The story
Iraq last walked onto a World Cup pitch in 1986 in Mexico — a single group-stage appearance that ended without a point, in a country torn apart by the Iran-Iraq War. The players carried an entire nation's grief into those games, and the Lions of Mesopotamia have been chasing that stage again ever since. Forty years is a long time to wait, and 2026 marks their extraordinary return.
But if you want to understand what Iraq football truly means, you need to go back to 2007. While the country was consumed by sectarian violence and daily bombings, the national team somehow won the Asian Cup — beating South Korea, Australia and Saudi Arabia along the way — playing their home matches in neutral venues because Baghdad was too dangerous.
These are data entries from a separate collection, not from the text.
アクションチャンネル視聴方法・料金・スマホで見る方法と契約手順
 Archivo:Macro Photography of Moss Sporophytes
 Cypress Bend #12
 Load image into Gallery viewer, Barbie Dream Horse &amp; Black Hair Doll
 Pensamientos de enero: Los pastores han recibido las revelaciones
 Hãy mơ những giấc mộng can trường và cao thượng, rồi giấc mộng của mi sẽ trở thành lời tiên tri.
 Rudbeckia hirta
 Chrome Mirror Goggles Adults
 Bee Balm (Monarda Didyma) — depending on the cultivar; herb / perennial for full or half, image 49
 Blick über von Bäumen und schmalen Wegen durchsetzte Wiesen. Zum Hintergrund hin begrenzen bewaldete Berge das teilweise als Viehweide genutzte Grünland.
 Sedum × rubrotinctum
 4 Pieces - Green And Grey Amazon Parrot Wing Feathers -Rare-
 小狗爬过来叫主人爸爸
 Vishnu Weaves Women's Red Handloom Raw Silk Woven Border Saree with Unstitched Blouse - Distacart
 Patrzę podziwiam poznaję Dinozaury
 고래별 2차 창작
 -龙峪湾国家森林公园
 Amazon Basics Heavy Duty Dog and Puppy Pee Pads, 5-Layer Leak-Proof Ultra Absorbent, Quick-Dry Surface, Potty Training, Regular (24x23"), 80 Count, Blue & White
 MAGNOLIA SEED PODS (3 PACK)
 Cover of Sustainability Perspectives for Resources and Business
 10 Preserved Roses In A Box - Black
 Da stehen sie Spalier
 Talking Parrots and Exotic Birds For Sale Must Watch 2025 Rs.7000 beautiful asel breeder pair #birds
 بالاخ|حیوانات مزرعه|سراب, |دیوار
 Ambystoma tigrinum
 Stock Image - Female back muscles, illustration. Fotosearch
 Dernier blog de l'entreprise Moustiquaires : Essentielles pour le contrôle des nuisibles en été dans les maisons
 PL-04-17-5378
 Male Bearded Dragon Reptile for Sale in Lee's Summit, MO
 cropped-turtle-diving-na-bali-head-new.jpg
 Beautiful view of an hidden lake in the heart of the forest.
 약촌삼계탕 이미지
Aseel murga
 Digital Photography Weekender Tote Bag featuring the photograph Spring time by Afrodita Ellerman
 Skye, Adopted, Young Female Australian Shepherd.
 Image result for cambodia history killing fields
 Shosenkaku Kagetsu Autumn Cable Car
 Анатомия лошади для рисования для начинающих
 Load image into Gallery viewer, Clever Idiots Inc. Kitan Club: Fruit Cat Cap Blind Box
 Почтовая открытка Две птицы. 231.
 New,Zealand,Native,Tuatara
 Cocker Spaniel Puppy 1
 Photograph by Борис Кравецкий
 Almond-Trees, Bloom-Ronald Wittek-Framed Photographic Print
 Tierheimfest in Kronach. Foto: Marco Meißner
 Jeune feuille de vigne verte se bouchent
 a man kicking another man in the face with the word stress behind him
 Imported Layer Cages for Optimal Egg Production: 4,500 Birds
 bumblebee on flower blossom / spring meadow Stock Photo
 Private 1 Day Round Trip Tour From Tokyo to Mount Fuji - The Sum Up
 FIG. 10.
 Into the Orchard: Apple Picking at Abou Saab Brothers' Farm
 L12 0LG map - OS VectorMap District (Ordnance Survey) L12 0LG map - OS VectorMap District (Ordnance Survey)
When the trophy was lifted, Iraqis poured into the streets in tears. It remains one of the most quietly devastating and uplifting stories in the history of the sport.
Now, ranked 55th in the world and led by a genuinely exciting generation of players, Iraq arrive in 2026 not just as sentimental favourites but as a team with real teeth. Zidane Iqbal — a Manchester United academy product who chose Iraq over England — gives them European pedigree in midfield, while Aymen Hussein provides the kind of muscular, clever centre-forward play that can trouble anyone on a good day. After four decades in the wilderness, the Lions are hungry.
What to watch
This is a team playing for something far bigger than football — every tackle and every goal carries the weight of a nation that has known genuine suffering, and that emotional charge makes even their group games feel like cup finals. Watch for the moment the crowd realises Iraq can actually compete, because that noise will be something you will not forget.
X-factor
Zidane Iqbal — a technically gifted, box-to-box midfielder who grew up in the Manchester United system and brings a level of composure and vision that can completely reorganise a match when Iraq need it most.
Iraq arrive as underdogs with a story so powerful it almost feels unfair to the other teams — expect passion, occasional chaos, and at least one moment that makes a neutral fan well up.